Earlier that night, Danny Murchie, an addictions counselor at the U.S. Department of Veteran’s Affairs (VA) Salt Lake City office, had called Ogden police and asked for a courtesy check on Ermer, his 28-year-old client, a recent Iraq war veteran. Murchie had talked with Ermer and feared he might harm himself.
When no one answered at the Ermer home, police followed footprints in the snow a few blocks into the Ogden Canyon foothills. Near a large boulder, a man’s body lay in the snow, blood pooling near his head. His breathing was slow and gargly.

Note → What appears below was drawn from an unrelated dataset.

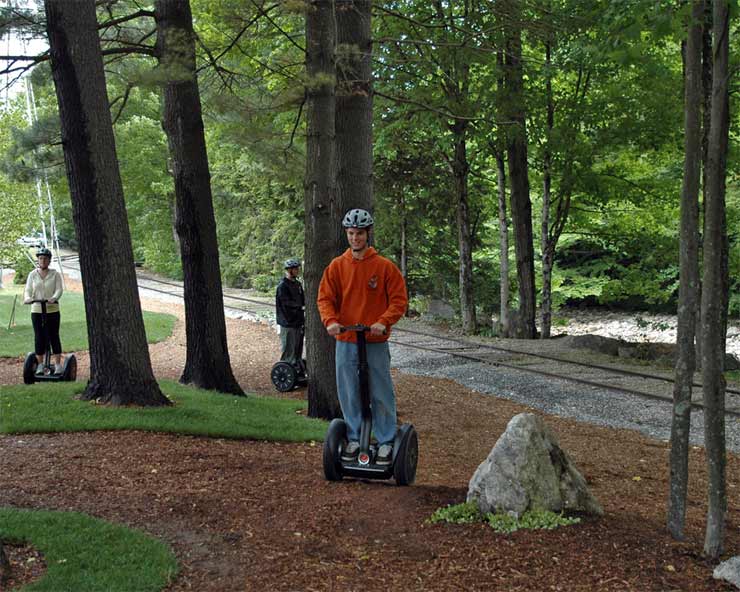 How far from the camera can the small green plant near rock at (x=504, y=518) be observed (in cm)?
507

But Jason was scarcely the same man who had enlisted three and a half years earlier. He brought back to Utah constant pain from a parachuting injury to his neck and lower back, a growing addiction to painkillers and Iraq-fueled nightmares that wouldn’t let him sleep at night. One particularly graphic flashback plagued him-the last terrified look of an Iraqi child, who fell beneath the wheels of a Humvee Jason was driving near Mosul.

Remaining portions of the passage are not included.